After a benchmark run, the workload metrics for each tile are computed and aggregated into a score for that tile. This aggregation is performed by first normalizing the different performance metrics such as MB/second and database commits/second with respect to a reference system. Then, a geometric mean of the normalized scores is computed as the final score for the tile. The resulting per-tile scores are then summed to create the final metric.

VMware VMmark
(*) preliminary benchmark data

World switch times from VM to hypervisor have been reduced to 40% of those of Clovertown (Xeon 53xx), and EPT is good for a 27% performance increase. Add a massive amount of memory bandwidth, and we understand why the Nehalem EP shines in this benchmark. The scores for the Xeon X5570 are however preliminary: we have seen scores range from 17.9 to 19.51, but always with 13 tiles. The ESX version was not an official version ("VMware ESX Build 140815") which will probably morph into ESX 3.5 Update 4. AMD's results might also get a bit better with ESX 3.5 Update 4, so take the results with a grain of salt, but they give a good first idea. There is little doubt that the newest Xeon is also the champion in virtualization.
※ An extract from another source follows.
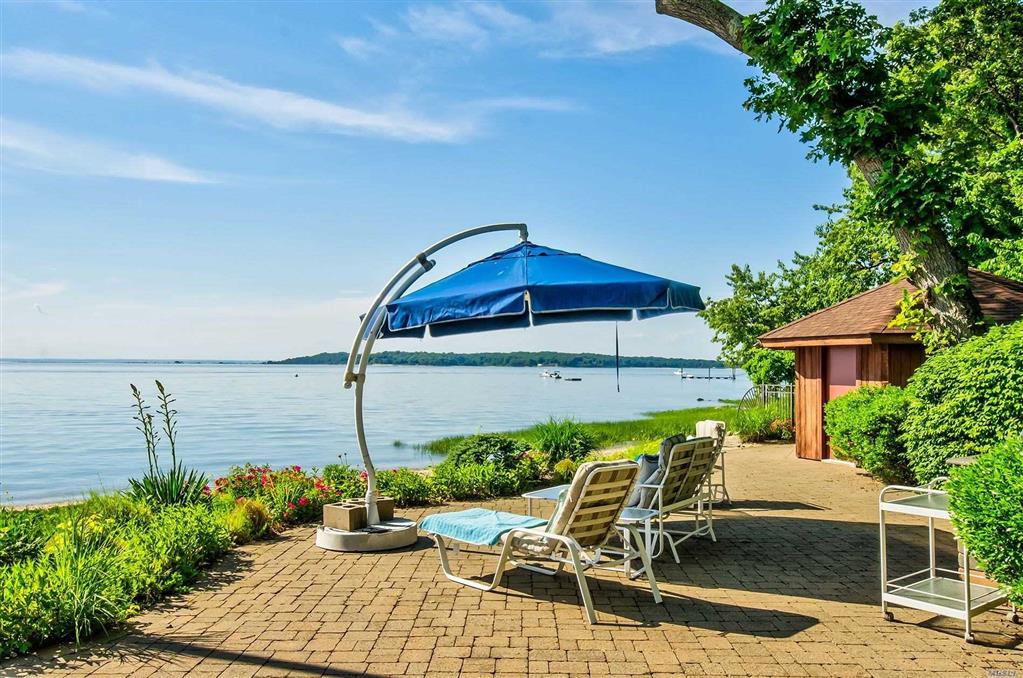 243 Little Neck Rd Centerport Centerport NY 11721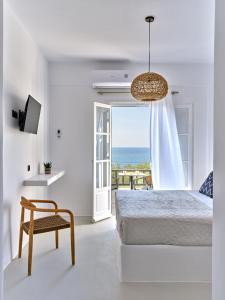 帕罗奇亚Paros Five Senses的一间卧室配有一张床,享有海景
Both AMD and Intel emphasize that you can "vmotion" across several generations. AMD demonstrated that it is possible to migrate from the hex-core Istanbul to the quad-core Barcelona, while Intel demonstrated vmotion between "Harpertown" and "Nehalem".


It will be interesting to see how far you can go with this in practice. In theory you can go from Woodcrest to Nehalem. It is funny to see that Intel (and AMD to a lesser degree) have to clean up the mess they made with the incredibly chaotic ISA SIMD extensions: from MMX to more SSE extensions then we care to remember.



HPC Market

Contrary to virtualization, web servers, and databases, we have little expertise in our lab to perform and fully understand HPC benchmarks. Nevertheless, we can get an impression from AMD's and Intel's own benchmarking. There are two kinds of HPC applications: those that are completely CPU processing limited (dense matrices) and those that are mostly bandwidth limited (sparse matrices). A good example of the first type is LINPACK. We still have to verify our testing but the first results show about a 15% advantage for Intel. The intensity of the LINPACK benchmark does not allow turbo mode to kick in. LINPACK shows that when it comes to raw FPU performance, the newest Intel is only a few percent faster clock for clock than its competitor.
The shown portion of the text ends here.